Another friend, endowed both by nature and experience with the power I speak of, gave me strength for months—for my whole probation—by a brave utterance of one word, “Yes.” In answer to a hoping consoler, I told a truth of fact which sounded dismal, though because it was fact I spoke it in no dismal mood; and the genius at my side, by a confirmatory “Yes,” opened to my view a whole world of aid in prospect from a soul so penetrating and so true.
I know it is pleaded that there are sufferers not strong enough to bear the truth—who like to be soothed with hopes, well or ill-grounded; who find immediate comfort in being told that they will throw off their pain and be at ease. If there be such, I have never known them; and I doubt their existence. I believe that the tendency to make the worst of bodily complaints, on which so many satires (some just) are founded, is much aggravated, if not generally caused, by the tendency in the healthy and happy to disallow pain and a sad prospect. Children, weak and unpractised sufferers as they are, are found not to be consolable in the manner proposed. We all know the story of the little boy in the street, crying from the smart of a fall, who, when assured by a good-natured passenger that he should not cry, because he would be well to-morrow, answered, “Then I won’t cry to-morrow.”

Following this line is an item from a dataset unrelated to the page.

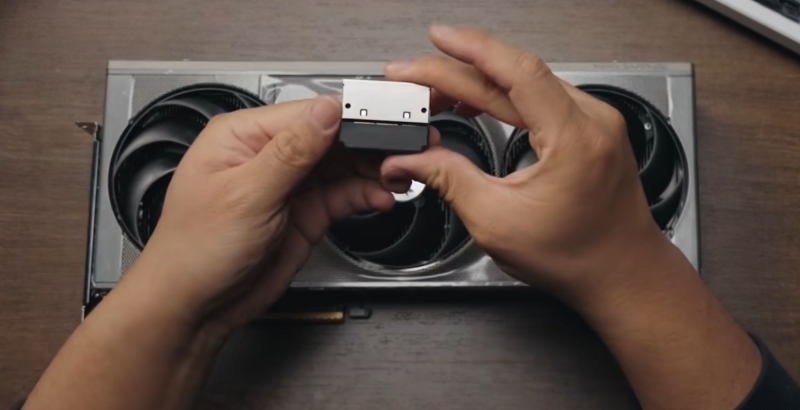 Sapphire выпустит Radeon RX 9070 XT Nitro+ Phantom Link с поддержкой «беспроводного» питания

The weakest sufferers are precisely those who are least able to appropriate the future and its good things. If this be true of the weak, and if the strong find it irritating to be medicined with soft fictions, or presented with anything but sound truth, the popular method of consolation appears to be excluded altogether. If my own life were to be lived over again, I should, from the strength of this conviction, convert most of its words of intended consolation into a far more consolatory condolence. Never again should the suffering spirit turn from me, as I fear it has often done—if too gentle to be irritated—yet sickening at hollow words of promise, when instant fellow-feeling was what was needed; and mournfully thinking, though too kind to say it, “‘the heart knoweth its own bitterness,’ and mine must endure alone.” The fair retribution has not followed, for never thus have I been left to feel.
I am here reminded of a sort of consolation, often offered, which I do not at all understand. I do not quarrel with it, however, for it may suit others less insensible to its claims. Sequestered sufferers, whose term of activity is over, and who apparently have only to endure as they may, and learn and enjoy what they can, till they receive their summons to enter on a new career, are referred for solace to their consciences—to their consciousness of services rendered to society, and duty done in active days. I strongly doubt whether Conscience was ever appointed to the function of Consoler. I more than doubt; I disbelieve it. According to my own experience, the utmost enjoyment that conscience is capable of is a negative state, that of ease. Its power of suffering is strong; and its natural and best condition I take to be one of simple ease; but for enjoyment and consolation, I believe we must look to other powers and susceptibilities of our nature.